**Collected material**.
= = = =
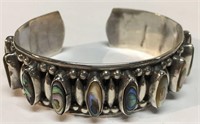 Sterling Silver And Abalone Cuff Bracelet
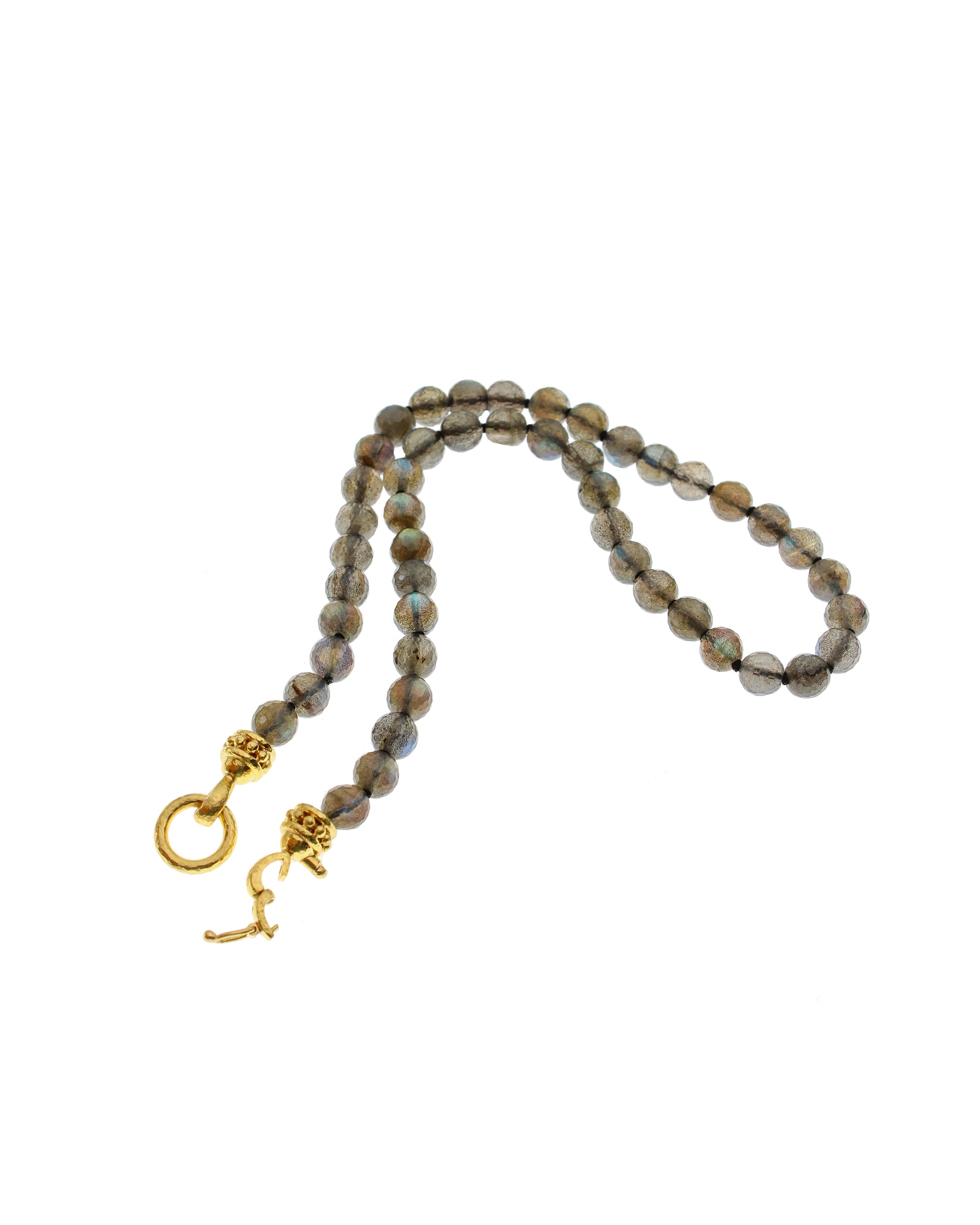 Faceted Labradorite Bead Necklace - 17"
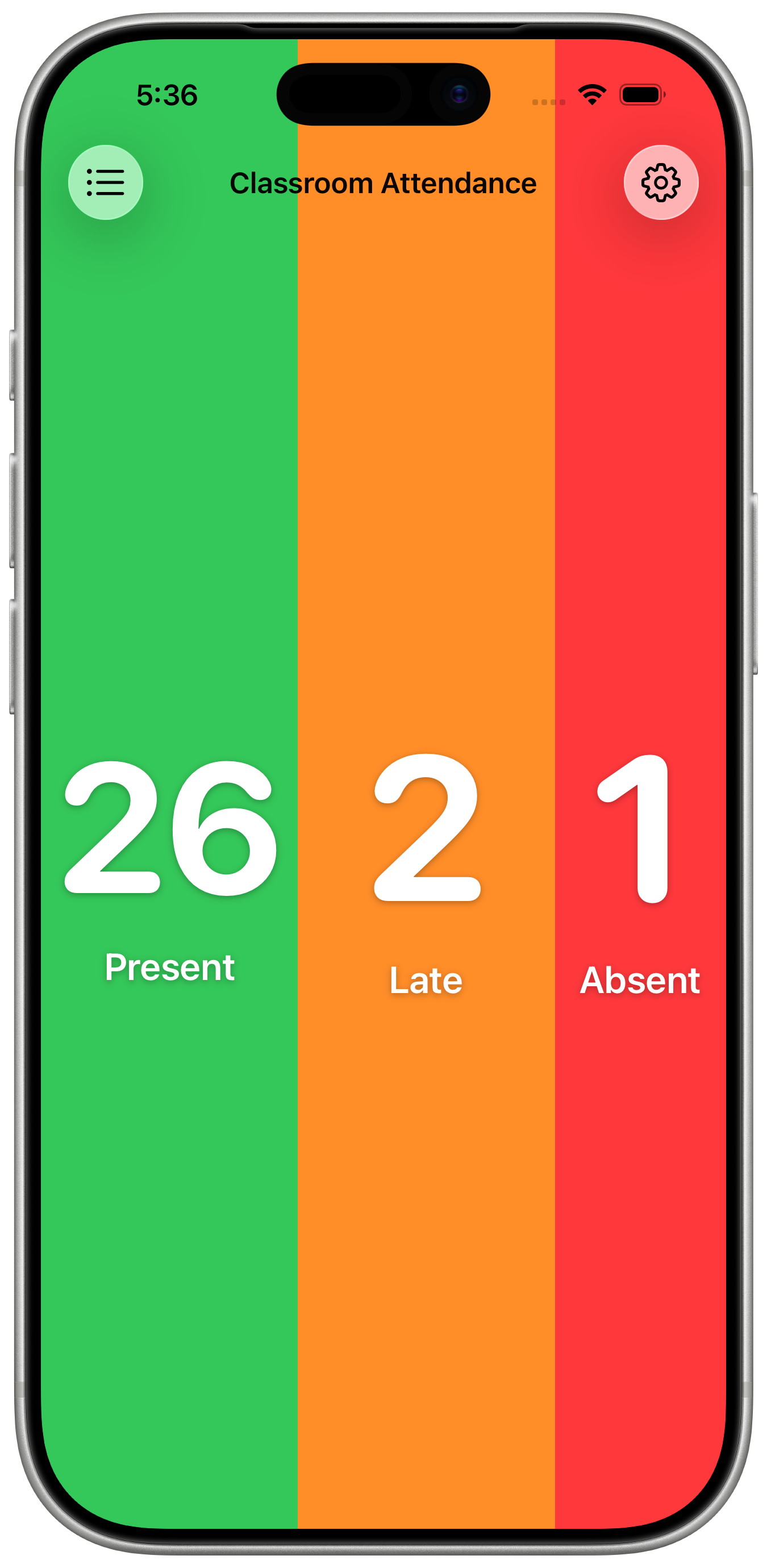 Classroom attendance counters in KeepCount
= = = =
In the copy, include no pictures, but repeat the listing exactly.

 Sterling Silver And Abalone Cuff Bracelet
 Faceted Labradorite Bead Necklace - 17"
 Classroom attendance counters in KeepCount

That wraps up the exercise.